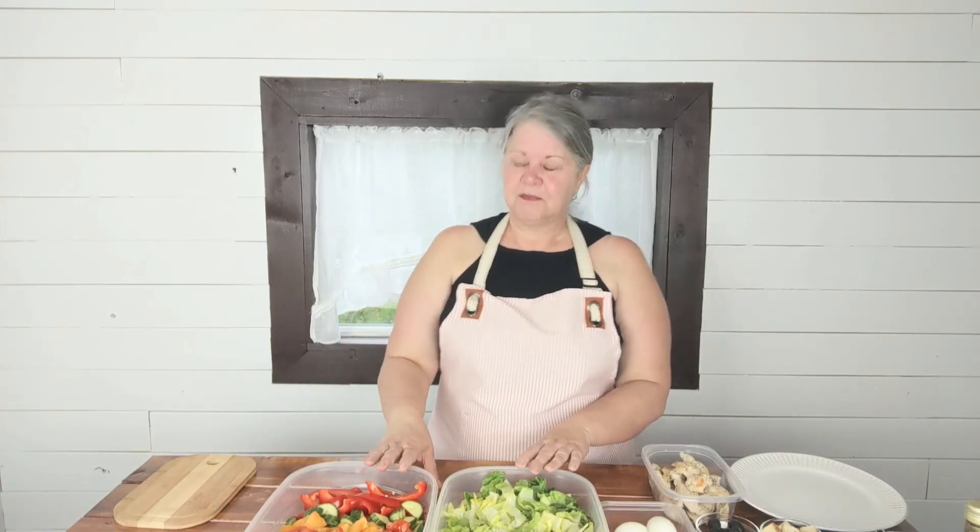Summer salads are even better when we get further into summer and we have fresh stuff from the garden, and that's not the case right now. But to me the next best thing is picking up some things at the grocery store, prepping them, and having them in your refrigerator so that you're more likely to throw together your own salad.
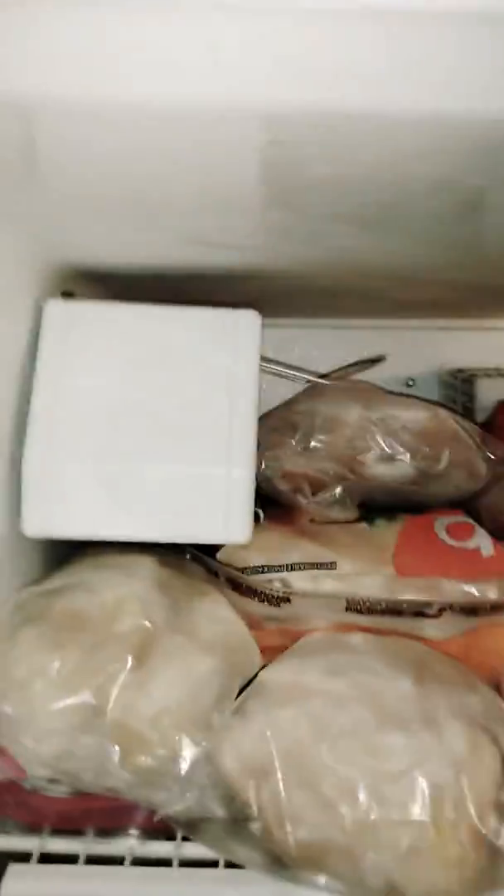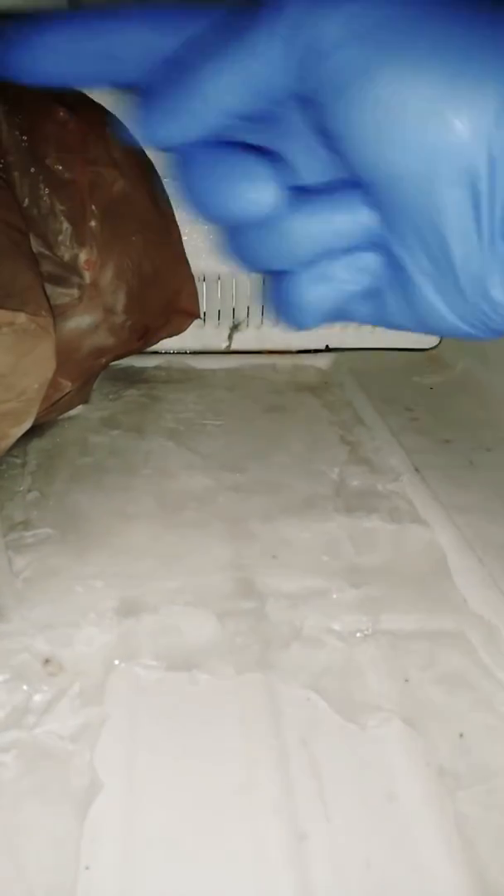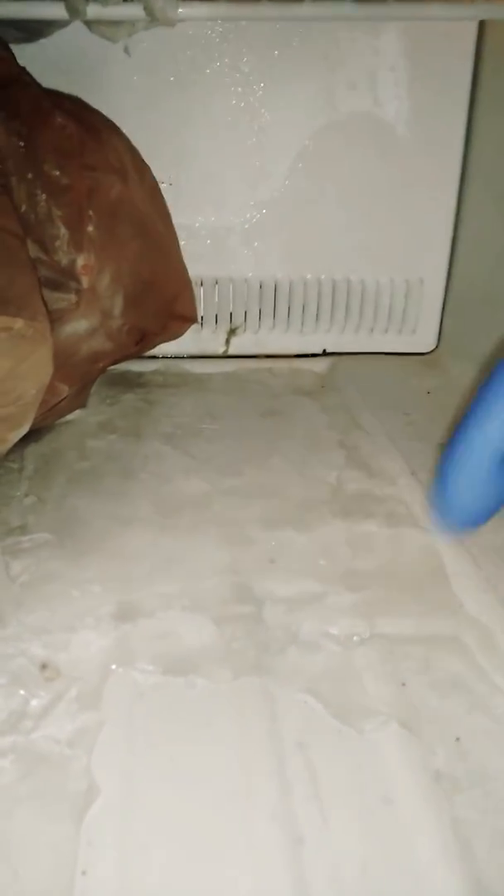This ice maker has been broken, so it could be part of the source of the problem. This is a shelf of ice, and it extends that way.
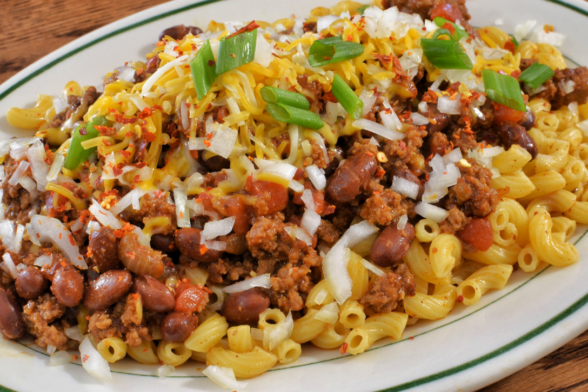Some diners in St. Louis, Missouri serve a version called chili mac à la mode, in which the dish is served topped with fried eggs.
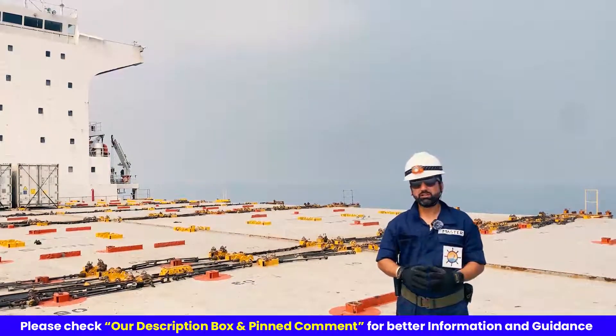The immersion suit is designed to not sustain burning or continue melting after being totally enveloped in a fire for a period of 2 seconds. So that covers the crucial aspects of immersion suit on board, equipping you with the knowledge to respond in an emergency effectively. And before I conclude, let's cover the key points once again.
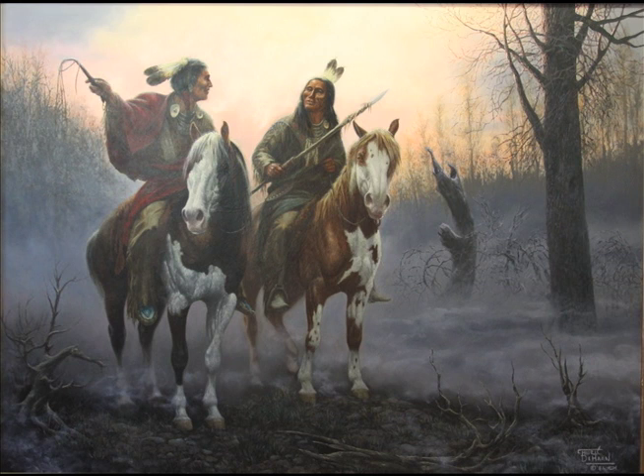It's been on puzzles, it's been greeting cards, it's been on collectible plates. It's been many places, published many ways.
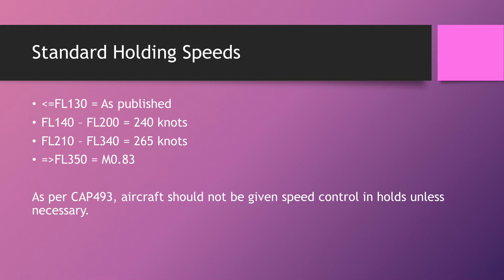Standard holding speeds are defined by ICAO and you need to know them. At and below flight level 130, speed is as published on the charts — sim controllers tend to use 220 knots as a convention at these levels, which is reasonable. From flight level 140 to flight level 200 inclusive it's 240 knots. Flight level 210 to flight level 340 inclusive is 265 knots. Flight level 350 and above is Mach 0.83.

PROBLEM:
Starting at the line that contains "It's been on puzzles, it's", output every line through the end of the data, both ends included, and nothing else; pictures stay out.

RESULT OF THE EXERCISE:
It's been on puzzles, it's been greeting cards, it's been on collectible plates. It's been many places, published many ways.
Standard holding speeds are defined by ICAO and you need to know them. At and below flight level 130, speed is as published on the charts — sim controllers tend to use 220 knots as a convention at these levels, which is reasonable. From flight level 140 to flight level 200 inclusive it's 240 knots. Flight level 210 to flight level 340 inclusive is 265 knots. Flight level 350 and above is Mach 0.83.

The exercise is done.